The showdown between Big Tech and democracy has begun
By Mark Hurst • July 25, 2019

Some immensely important hearings just went down on Capitol Hill. I'm not referring to the Mueller hearings. Instead I mean the much, much more important hearings on the existential threat to our democracy posed by Big Tech.

On a single day in Washington - Tuesday, July 16, 2019 - there were two Senate hearings, a House hearing, and a Congressional briefing, all around the threat of Big Tech monopolies to take over, well, everything: the media, the retail economy, the financial system, our elections, and society itself.

It was a remarkable day. I watched many hours of these hearings and was struck, above all, by two things:

(1) The sense of alarm, across both parties, across all parts of the political spectrum, about the threat that our democracy faces from Big Tech.

(2) The willingness on the part of Big Tech companies to deny, deflect, and outright lie to protect their current practices, profits, and power.

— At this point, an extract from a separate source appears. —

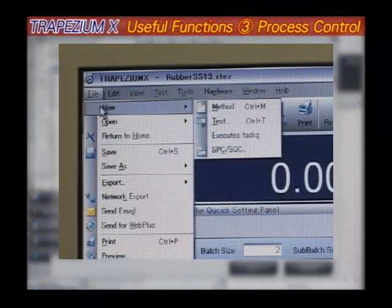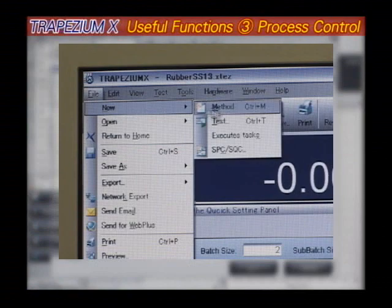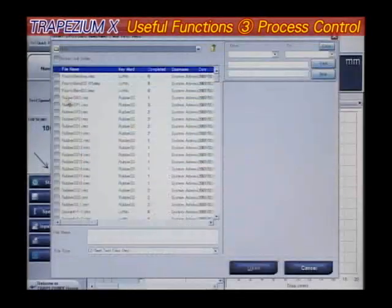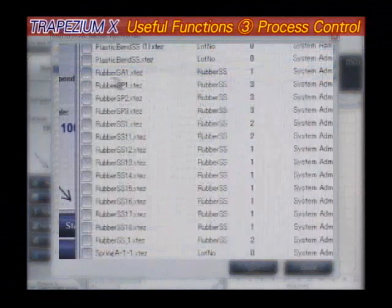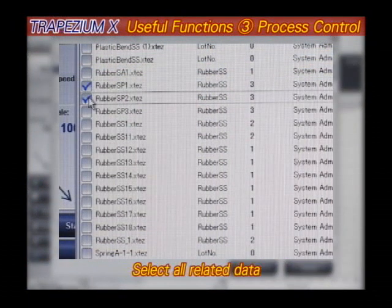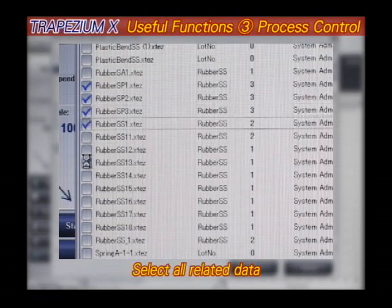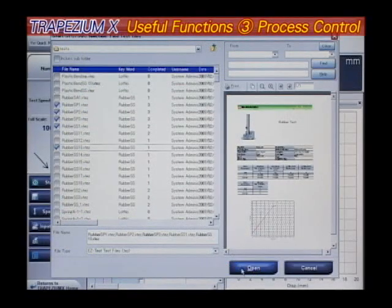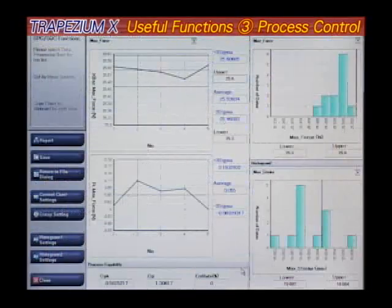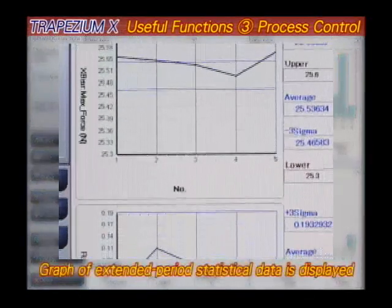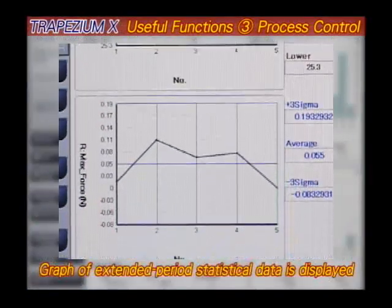Process Control Function. For tests extending over a long period, a comprehensive understanding of test data is vitally important. With Trapezium X, it is now possible to statistically graph and analyze data spanning an entire period.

This was a showdown between Big Tech and democracy. And it's just starting. If you care whether you live in a democracy, with free speech and fair elections and a competitive market, you should pay attention. (And yes, I know that "blog post about Congressional hearings" sounds a lot less fun than the endless stream of social media amusements that are a click, or tap, or swipe, away. Strange how those services, distracting you from the important news about Big Tech, are owned by Big Tech!)

My main suggestion is that you listen to my Techtonic episode this week (or get it in the podcast, July 22 episode). Listen to the whole show and you'll understand why there was (1) bipartisan Congressional alarm about the (2) denials, deflections, and lies from Big Tech execs.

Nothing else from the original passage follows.